Department of Nutrition Research, National Nutrition and Food Technology Research Institute, Faculty of Nutrition Sciences and Food Technology, Shahid Beheshti University of Medical Sciences, Tehran, Iran; Cancer Research Center, Shahid Beheshti University of Medical Sciences, Tehran, Iran.

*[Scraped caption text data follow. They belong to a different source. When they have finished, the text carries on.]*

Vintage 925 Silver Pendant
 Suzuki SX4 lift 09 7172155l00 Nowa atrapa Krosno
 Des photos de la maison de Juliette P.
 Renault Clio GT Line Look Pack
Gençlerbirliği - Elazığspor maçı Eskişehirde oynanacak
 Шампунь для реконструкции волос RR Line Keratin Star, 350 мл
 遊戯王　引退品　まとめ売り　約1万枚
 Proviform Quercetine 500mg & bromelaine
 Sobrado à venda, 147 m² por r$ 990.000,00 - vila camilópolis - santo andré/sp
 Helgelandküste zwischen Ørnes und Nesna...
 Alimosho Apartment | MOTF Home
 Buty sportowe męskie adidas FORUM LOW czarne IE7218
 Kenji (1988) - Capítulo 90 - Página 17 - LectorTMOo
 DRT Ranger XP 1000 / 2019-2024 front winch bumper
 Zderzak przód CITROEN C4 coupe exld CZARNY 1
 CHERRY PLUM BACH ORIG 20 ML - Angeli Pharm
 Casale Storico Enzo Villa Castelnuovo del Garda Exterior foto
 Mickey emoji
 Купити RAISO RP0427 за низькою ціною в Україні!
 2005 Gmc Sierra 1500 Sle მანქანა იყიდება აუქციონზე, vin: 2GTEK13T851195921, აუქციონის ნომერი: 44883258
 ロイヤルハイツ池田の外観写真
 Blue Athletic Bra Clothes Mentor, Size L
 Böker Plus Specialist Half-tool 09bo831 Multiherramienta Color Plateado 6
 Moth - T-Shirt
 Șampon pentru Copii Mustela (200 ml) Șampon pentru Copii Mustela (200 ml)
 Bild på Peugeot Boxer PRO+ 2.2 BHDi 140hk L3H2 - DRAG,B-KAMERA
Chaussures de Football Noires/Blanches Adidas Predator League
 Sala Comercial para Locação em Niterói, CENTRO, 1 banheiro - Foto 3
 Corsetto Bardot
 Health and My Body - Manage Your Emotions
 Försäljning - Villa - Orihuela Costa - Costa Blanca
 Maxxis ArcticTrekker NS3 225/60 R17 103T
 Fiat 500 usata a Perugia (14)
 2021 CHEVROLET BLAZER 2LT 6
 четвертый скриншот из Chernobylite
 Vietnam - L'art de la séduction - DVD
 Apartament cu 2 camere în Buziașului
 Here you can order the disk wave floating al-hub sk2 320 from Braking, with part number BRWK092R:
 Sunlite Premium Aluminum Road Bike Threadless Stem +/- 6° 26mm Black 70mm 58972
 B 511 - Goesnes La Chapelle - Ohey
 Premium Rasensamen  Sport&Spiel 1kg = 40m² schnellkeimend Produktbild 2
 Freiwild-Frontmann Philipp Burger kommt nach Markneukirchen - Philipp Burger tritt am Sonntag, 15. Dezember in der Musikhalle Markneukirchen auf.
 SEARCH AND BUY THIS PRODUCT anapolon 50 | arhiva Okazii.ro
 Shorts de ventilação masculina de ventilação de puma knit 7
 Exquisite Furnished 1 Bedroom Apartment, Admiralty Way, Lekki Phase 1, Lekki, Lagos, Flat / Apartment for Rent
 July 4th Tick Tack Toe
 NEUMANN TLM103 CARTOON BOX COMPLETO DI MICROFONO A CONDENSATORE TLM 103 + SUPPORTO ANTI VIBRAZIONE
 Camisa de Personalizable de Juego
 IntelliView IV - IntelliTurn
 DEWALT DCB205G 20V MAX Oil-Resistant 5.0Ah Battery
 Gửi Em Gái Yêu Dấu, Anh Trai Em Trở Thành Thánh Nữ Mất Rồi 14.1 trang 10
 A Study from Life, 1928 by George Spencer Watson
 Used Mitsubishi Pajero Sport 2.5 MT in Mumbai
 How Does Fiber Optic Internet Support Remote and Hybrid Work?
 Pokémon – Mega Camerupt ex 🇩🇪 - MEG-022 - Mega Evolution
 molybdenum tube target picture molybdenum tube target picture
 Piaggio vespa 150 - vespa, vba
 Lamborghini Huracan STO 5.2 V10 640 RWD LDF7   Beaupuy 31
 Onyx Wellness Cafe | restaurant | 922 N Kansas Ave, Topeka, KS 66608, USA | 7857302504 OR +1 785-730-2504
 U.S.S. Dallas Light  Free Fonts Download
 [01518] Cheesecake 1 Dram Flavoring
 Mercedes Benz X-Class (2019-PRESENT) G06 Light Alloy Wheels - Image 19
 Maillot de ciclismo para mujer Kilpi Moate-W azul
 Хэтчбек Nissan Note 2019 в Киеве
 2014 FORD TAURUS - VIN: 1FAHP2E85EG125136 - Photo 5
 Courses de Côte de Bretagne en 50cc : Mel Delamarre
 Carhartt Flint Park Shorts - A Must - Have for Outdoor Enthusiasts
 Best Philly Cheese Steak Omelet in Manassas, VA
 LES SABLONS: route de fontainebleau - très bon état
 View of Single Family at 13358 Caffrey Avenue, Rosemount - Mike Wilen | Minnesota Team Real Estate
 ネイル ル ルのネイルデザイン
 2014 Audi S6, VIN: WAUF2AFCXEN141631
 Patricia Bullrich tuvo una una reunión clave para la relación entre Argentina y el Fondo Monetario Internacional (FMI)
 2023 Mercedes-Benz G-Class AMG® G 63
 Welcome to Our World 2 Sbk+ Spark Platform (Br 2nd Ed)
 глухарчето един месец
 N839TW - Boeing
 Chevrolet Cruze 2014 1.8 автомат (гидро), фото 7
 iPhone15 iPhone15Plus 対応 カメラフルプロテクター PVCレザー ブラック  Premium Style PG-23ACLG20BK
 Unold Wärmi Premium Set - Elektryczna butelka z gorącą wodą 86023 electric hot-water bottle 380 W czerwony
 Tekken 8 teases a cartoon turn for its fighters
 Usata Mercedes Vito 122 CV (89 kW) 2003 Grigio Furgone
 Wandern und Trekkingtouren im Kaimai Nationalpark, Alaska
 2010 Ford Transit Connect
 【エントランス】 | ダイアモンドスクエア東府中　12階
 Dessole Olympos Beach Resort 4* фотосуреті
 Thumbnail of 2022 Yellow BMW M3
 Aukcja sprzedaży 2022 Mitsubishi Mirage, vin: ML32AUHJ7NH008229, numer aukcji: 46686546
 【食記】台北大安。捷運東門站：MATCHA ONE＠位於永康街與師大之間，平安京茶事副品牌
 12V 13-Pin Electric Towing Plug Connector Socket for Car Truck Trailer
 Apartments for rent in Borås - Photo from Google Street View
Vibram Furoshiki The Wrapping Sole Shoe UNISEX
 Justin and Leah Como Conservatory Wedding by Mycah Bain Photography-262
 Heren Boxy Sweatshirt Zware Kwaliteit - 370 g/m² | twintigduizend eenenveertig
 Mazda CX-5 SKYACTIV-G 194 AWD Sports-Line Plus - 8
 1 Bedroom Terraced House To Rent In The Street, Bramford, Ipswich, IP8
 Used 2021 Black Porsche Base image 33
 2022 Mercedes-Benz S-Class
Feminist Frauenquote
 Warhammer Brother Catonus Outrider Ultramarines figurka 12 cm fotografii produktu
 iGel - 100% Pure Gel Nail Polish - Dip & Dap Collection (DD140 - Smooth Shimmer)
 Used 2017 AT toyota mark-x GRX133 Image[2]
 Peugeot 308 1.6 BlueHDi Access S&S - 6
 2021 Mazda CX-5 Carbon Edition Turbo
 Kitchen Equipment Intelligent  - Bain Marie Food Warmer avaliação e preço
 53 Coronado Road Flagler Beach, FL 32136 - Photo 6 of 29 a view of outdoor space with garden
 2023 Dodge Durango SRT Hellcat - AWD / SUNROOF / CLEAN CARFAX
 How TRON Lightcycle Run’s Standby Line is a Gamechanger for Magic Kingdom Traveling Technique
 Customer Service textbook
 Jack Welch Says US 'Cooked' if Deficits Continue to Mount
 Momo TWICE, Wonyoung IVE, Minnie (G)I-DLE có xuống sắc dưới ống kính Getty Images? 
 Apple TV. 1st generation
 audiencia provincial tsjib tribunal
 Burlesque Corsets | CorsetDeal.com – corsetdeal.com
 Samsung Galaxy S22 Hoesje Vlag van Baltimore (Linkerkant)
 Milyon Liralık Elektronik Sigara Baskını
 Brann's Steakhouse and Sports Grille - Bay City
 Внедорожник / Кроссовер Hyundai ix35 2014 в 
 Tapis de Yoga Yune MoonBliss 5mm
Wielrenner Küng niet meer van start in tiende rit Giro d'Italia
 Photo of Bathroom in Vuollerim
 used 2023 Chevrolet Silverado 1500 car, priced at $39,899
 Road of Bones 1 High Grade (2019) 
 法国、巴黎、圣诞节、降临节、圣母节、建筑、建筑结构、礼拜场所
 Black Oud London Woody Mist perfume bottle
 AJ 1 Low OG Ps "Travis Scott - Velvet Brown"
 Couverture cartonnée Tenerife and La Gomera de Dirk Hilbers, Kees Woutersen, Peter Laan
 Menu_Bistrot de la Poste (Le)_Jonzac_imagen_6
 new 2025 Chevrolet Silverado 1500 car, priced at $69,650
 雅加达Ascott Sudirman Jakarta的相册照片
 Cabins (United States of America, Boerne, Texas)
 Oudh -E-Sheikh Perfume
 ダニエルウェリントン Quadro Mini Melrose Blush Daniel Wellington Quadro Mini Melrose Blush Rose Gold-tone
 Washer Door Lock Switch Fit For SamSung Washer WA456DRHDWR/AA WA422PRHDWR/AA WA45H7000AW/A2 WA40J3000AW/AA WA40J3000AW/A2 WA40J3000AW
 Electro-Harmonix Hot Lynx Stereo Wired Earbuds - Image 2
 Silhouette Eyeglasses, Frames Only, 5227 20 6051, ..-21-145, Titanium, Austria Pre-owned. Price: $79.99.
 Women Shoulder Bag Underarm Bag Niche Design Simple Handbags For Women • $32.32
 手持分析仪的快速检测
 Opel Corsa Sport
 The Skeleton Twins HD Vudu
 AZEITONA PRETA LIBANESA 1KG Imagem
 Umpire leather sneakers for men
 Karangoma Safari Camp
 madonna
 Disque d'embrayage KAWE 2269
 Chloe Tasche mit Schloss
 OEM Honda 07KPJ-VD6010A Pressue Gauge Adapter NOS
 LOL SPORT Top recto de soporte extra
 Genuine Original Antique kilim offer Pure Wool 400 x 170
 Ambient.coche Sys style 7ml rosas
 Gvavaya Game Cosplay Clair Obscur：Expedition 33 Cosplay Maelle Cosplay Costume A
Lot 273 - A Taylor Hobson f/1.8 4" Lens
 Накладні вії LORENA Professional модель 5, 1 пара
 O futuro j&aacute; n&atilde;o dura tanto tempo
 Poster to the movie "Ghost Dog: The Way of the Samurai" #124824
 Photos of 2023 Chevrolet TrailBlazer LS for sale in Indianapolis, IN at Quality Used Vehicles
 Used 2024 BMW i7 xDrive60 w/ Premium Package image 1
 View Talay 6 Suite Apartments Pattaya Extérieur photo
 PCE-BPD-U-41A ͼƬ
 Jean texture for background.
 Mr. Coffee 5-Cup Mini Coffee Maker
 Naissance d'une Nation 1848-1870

Food (Salt) Safety Research Center, School of Nutrition and Food Sciences, Semnan University of Medical Sciences, Semnan, Iran.

出版信息

Nutrition. 2018 Jan;45:11-16. doi: 10.1016/j.nut.2017.06.011. Epub 2017 Jul 6.

Abstract

OBJECTIVE

Breast cancer (BrCa) is the most frequently diagnosed cancer among females and second cancer after lung cancer in many societies. In Iran, the risk for BrCa is 1 in 35 and each year, 8000 new patients have been diagnosed with BrCa. Studies have shown that dietary components are implicated in the etiology of BrCa. The Index of Nutritional Quality (INQ) is a method of quantitative and qualitative analysis of single foods, meals, and diets. The aim of this study was to determine the usefulness of INQs in predicting BrCa risk.

METHODS

Our case-control study was conducted from March 2015 to February 2016. The study included 145 cases and 148 controls who attended the Shahid Beheshti University of Medical Sciences Cancer Research Center. INQ scores were computed based on dietary intake using a validated 168-item food frequency questionnaire. Logistic regression models were used to estimate multivariable odds ratios adjusted body mass index, education, employment, marital status, menarche age, childbirth number, smoking, menopause status, and physical activity.

RESULTS

Vitamins A, C, B, B, and B and selenium INQs as a continuous variable in relation to risk for BrCa showed a significant association after multivariate adjustment (odds ratio [OR], 0.41 [0.27-0.64]; OR, 0.30 [0.20-0.47]; OR, 0.08 [0.04-0.17]; OR, 0.19 [0.11-0.34]; OR, 0.44 [0.31-0.61]; and OR, 0.42 [0.26-0.67]).

CONCLUSION

Women who consumed a healthier diet including vitamin A, β-carotene, vitamin C, and folate and low-fat milk were at decreased risk for developing BrCa compared with those whose diet included more high fat and lamb meat.

摘要

目的

乳腺癌(BrCa)是女性中最常见的癌症,在许多社会中是仅次于肺癌的第二大癌症。在伊朗,乳腺癌的风险为 1/35,每年有 8000 名新患者被诊断出患有乳腺癌。研究表明,饮食成分与乳腺癌的病因有关。营养质量指数(INQ)是一种对单一食物、膳食和饮食进行定量和定性分析的方法。本研究旨在确定 INQ 在预测乳腺癌风险方面的有用性。

方法

我们的病例对照研究于 2015 年 3 月至 2016 年 2 月进行。研究包括 145 例病例和 148 例对照,他们参加了沙希德·贝赫什提大学医学科学癌症研究中心。根据使用经过验证的 168 项食物频率问卷获得的饮食摄入量计算 INQ 评分。使用多变量逻辑回归模型估计调整了体重指数、教育、就业、婚姻状况、初潮年龄、生育次数、吸烟、绝经状态和身体活动后的多变量比值比。

结果

维生素 A、C、B、B 和 B 以及硒 INQ 作为连续变量与乳腺癌风险的关系在多变量调整后显示出显著相关性(比值比 [OR],0.41 [0.27-0.64];OR,0.30 [0.20-0.47];OR,0.08 [0.04-0.17];OR,0.19 [0.11-0.34];OR,0.44 [0.31-0.61];和 OR,0.42 [0.26-0.67])。

结论

与饮食中包含更多高脂肪和羊肉的女性相比,摄入更健康饮食(包括维生素 A、β-胡萝卜素、维生素 C 和叶酸以及低脂牛奶)的女性患乳腺癌的风险较低。